The rugged and rain-lashed shores of Canada’s Pacific Coast harbor some of the continent’s most remote seaside wilderness. On these 22 southbound miles, you’ll see black bears and bald eagles as old-growth stands of red cedar open onto seaweed and rock-studded beaches. If not for buoys and metal tags tacked onto tree trunks, the trail would be indistinguishable from the many wildlife paths that crisscross this coastal paradise.
INFO: $40/person to cross Mowachaht tribal land.
MASTER THE TIDES
• A tide table is indispensable for coastal hikes, where unforeseen high water may trap you short of a campsite or imperil your group with breaking waves.
• Don’t rely on the tide chart from the nearest harbor—the time and height of tides may vary dramatically along a coastline. Before your hike, inquire locally about variation.
• Most of the world’s tides are semidiurnal, with two highs and two lows, about the same height, on a given day. But not everywhere. Along Nootka Island in British Columbia, for example, the two daily lows may vary by five feet or more. You may need the lower low tide to pass a stormy headland.
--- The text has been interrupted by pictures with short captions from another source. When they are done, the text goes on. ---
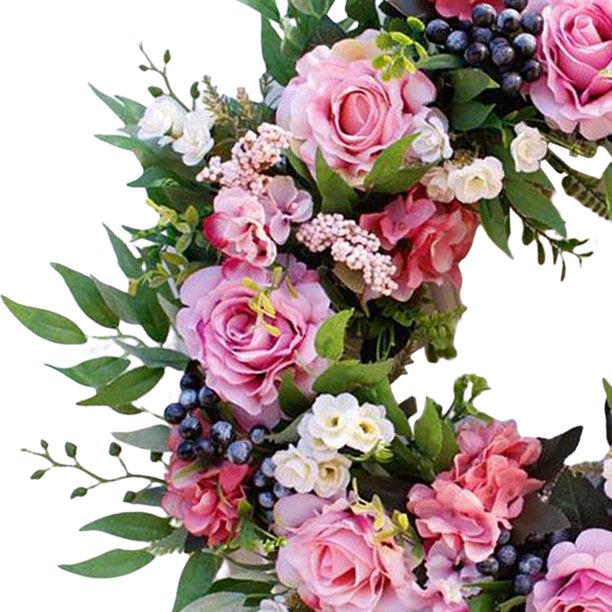 Guirnalda de flores artificiales, 25.6 pulgadas, guirnalda de arco de  hortensias de seda para puerta delantera, festones florales, dintel,  decoración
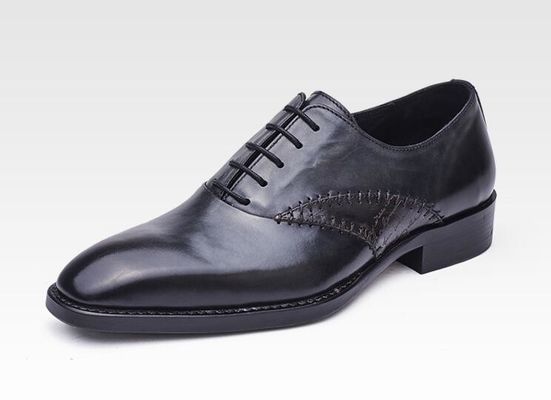 Hombres de moda zapatos de vestir formal de cuero genuino hombre negro zapatos de vestir de encaje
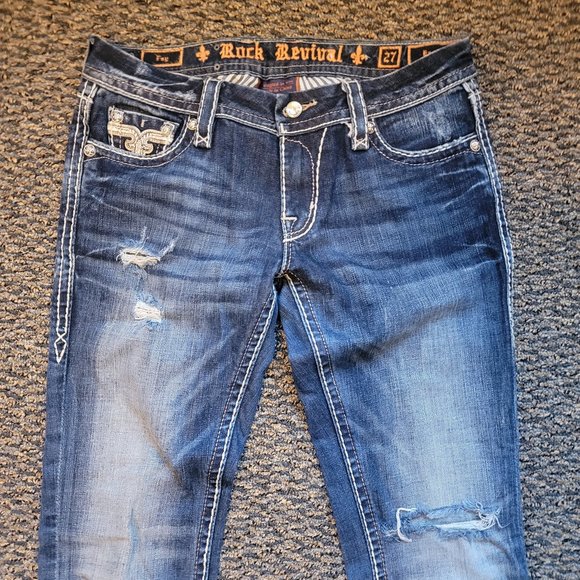Rock Revival Fay Easy Boot Distressed Jeans Size 27 Rhinestone Pocket Bling - Picture 5 of 13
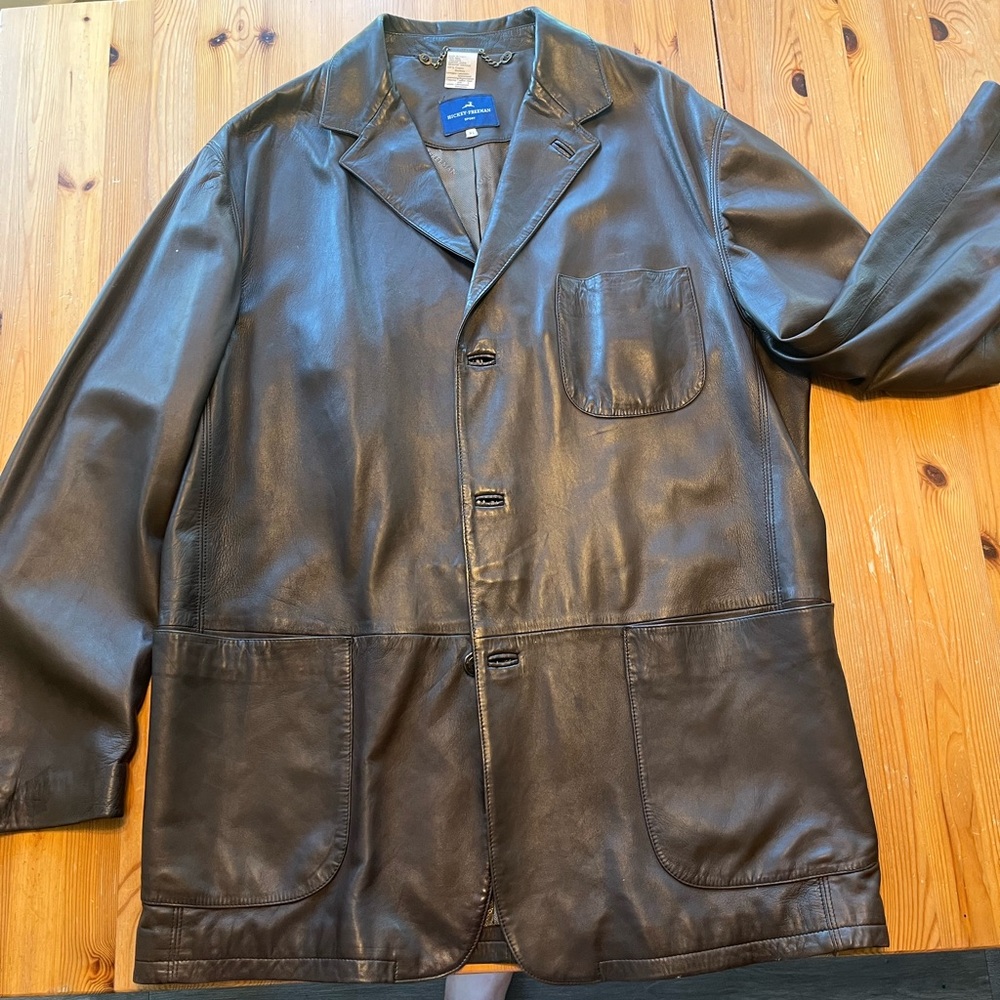 Hickey Freeman Dark Brown Leather Jacket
• The highest water (spring tides) occur around the new and full moon; the lowest (neap ties) are near the half moon.
• The time of high and low water advances about 50 minutes every day. If high tide is at 1 p.m. on Tuesday, it will be about 1:50 p.m. on Wednesday and 4:20 p.m. on Saturday.
• If in doubt, hike past a wave-threatened headland during an outgoing tide.